Rosa Luxemburg on Reform or Revolution
Why Luxemburg’s Classic Marxist Essay Still Holds Lessons for the Left
Rosa Luxemburg’s essay, Reform or Revolution is a classic text of Marxist theory. It is essential reading for anybody dedicated to making the goal of socialism a reality. Luxemburg published her pamphlet in 1899 as a polemic against the growing split within the German Social Democratic Party (SPD), the largest socialist party in Germany at the time, which Luxemburg was a member of.
The essay specifically takes aim at SPD member, Eduard Bernstein, whose revisionist platform argues that political revolution is no longer necessary. Bernstein claimed that capitalism had “evolved” and “stabilized” itself in such a way that the working class need only institute slight reforms to the system — greater democratic rights, more social welfare programs, and the like. Such liberal reforms, Bernstein argued, would be enough to “naturally” bring about a gradual shift to socialism. Socialist revolution, Bernstein claimed, need no longer be on the table.
Bernstein went so far as to claim, of the necessity for socialist revolution, “The final goal, no matter what it is, is nothing; the movement is everything.”
While Bernstein presented his theory as an attempt to “update” the views of Marx and Engels, in truth his emphasis on reformism represented a complete departure from Marxism. Luxemburg exposed Bernstein’s revisionist tendency as reflective of the petty-bourgeois academics and “theoreticians” in the SPD’s party apparatus. Such upper-middle-class elements within the party, Luxemburg argued, had jettisoned the prospect of revolution in favor of opportunist collaboration with the bourgeoisie.
“Only when the great mass of workers take the keen and dependable weapons of scientific socialism in their own hands,” she writes in Reform or Revolution, “will all the petty-bourgeois inclinations, all the opportunistic currents, come to naught.”
A False Choice
Luxemburg opens her essay by promptly dispensing with the very question her title proposes: Reform or revolution. This, she argues, is a false choice. Social reforms go hand-in-hand with revolution. Reforms like Medicare for All, raising the minimum wage, or unionization drives, help ameliorate capitalism’s worst ravages and offer workers tangible gains in the here and now.
At the same time, fighting for reforms can also galvanize members of the working class and raise their political consciousness. Winning reforms can strengthen workers’ sense of solidarity. It can cause them to realize, “If we can successfully fight the boss for higher wages, what else can we do…?”
Thus, the working class is not forced to choose between reforms or revolution. Rather, it must view reforms as an essential entryway to its final goal — full communism.
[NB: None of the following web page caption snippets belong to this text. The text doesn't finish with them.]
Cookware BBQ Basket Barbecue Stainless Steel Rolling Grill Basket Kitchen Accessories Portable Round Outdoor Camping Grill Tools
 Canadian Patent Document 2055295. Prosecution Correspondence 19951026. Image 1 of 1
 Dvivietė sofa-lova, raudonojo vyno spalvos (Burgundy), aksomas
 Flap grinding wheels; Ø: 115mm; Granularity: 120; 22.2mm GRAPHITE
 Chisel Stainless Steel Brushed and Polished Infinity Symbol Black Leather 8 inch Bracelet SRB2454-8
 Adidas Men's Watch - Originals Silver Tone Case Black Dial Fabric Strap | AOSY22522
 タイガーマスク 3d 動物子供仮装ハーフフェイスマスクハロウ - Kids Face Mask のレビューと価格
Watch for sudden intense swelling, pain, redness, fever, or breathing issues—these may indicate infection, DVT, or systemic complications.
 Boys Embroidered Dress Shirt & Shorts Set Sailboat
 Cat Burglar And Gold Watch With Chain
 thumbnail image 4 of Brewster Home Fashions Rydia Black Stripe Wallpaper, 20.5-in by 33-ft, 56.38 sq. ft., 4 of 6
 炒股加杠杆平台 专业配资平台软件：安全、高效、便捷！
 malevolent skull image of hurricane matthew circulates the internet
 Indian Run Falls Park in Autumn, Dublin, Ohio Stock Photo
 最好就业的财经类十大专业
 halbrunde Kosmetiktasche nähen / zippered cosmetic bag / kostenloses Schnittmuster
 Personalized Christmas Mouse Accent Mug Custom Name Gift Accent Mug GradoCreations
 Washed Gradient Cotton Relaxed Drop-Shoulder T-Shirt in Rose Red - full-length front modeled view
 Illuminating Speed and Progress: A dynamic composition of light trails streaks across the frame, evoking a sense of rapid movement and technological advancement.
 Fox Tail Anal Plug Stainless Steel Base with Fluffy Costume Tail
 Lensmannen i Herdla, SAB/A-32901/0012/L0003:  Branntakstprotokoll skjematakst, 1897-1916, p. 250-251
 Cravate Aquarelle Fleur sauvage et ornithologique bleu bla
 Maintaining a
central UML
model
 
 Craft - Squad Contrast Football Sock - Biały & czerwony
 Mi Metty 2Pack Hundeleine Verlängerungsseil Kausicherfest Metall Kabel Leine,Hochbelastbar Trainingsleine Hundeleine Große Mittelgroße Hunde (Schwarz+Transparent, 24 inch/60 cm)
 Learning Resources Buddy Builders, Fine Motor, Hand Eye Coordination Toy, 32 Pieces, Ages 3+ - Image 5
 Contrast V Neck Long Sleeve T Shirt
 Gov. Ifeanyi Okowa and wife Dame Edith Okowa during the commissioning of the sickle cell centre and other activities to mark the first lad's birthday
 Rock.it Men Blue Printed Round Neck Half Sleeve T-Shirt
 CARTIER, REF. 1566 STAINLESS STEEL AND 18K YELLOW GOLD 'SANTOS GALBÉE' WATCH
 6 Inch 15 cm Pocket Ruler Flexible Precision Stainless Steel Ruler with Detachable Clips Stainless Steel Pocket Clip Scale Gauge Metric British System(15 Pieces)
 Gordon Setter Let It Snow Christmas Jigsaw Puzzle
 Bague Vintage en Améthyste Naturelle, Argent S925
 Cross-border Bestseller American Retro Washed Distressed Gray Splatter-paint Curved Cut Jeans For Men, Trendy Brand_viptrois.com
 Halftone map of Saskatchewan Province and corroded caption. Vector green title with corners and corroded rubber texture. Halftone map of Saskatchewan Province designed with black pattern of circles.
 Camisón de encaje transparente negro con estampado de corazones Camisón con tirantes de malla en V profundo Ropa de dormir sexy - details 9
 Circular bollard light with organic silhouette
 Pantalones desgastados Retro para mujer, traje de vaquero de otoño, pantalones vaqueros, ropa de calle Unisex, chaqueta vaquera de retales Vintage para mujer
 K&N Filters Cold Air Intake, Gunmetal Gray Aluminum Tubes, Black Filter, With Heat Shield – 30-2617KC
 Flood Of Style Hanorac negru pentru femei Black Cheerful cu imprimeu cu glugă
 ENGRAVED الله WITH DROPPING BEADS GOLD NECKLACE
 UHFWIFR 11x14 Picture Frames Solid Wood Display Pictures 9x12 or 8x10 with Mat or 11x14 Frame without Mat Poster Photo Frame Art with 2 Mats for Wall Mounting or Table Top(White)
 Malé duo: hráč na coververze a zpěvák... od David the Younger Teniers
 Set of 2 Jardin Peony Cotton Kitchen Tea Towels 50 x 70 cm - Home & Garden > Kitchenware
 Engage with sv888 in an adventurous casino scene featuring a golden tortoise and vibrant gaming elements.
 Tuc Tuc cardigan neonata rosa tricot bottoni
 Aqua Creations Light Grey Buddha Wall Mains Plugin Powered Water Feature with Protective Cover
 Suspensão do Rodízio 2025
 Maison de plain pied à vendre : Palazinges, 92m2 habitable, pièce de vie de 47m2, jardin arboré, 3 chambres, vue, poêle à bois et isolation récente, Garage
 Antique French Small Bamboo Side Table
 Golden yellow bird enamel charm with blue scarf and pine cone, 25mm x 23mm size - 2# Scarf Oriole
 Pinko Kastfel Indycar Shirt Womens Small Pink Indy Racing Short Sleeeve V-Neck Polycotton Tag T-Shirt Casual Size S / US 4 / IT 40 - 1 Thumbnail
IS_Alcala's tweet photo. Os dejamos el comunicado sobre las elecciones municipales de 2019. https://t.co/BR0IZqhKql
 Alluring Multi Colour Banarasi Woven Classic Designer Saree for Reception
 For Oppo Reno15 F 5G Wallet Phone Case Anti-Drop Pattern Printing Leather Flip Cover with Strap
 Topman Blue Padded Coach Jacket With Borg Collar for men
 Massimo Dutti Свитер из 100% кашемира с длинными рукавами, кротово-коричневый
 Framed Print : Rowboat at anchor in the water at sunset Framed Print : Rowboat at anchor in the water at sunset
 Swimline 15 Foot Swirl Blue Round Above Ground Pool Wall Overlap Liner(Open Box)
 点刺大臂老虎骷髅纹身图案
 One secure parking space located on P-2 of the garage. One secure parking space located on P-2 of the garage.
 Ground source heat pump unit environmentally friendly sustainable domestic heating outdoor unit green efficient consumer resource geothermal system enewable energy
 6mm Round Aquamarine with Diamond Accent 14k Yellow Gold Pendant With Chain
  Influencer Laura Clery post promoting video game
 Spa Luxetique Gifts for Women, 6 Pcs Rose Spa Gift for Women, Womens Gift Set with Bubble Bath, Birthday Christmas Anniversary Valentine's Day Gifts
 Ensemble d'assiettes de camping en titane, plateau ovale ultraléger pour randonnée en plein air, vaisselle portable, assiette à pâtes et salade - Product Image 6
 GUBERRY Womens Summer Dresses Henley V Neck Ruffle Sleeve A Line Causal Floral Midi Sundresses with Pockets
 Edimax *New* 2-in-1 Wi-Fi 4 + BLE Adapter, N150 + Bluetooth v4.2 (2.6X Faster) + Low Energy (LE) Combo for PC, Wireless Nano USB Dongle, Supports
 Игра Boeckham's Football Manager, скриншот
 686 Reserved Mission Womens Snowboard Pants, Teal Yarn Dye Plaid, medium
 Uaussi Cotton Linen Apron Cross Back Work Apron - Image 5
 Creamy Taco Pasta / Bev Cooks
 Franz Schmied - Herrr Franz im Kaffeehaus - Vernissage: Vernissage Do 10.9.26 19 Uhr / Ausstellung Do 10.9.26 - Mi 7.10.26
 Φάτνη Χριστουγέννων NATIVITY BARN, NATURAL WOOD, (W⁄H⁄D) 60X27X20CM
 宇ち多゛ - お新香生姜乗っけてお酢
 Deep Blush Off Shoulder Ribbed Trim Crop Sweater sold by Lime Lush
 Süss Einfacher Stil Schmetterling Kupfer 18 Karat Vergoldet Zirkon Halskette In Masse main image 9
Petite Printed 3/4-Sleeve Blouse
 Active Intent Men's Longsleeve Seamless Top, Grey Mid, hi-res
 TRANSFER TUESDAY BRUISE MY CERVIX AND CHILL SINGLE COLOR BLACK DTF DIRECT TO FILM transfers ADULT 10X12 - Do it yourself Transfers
“Can the social democracy [socialists] be against reforms?” Luxemburg asks rhetorically. “Can we counterpose the social revolution, the transformation of the existing order, our final goal, to social reforms? Certainly not.”
She continues:
The daily struggle for reforms, for the amelioration of the condition of the workers within the framework of the existing social order … offers to the [socialist movement] the only means of engaging in the proletarian class war and working in the direction of the final goal — the conquest of political power and the suppression of wage labor. Between social reforms and revolution there exists for the social democracy an indissoluble tie. The struggle for reforms is its means; the social revolution, its aim.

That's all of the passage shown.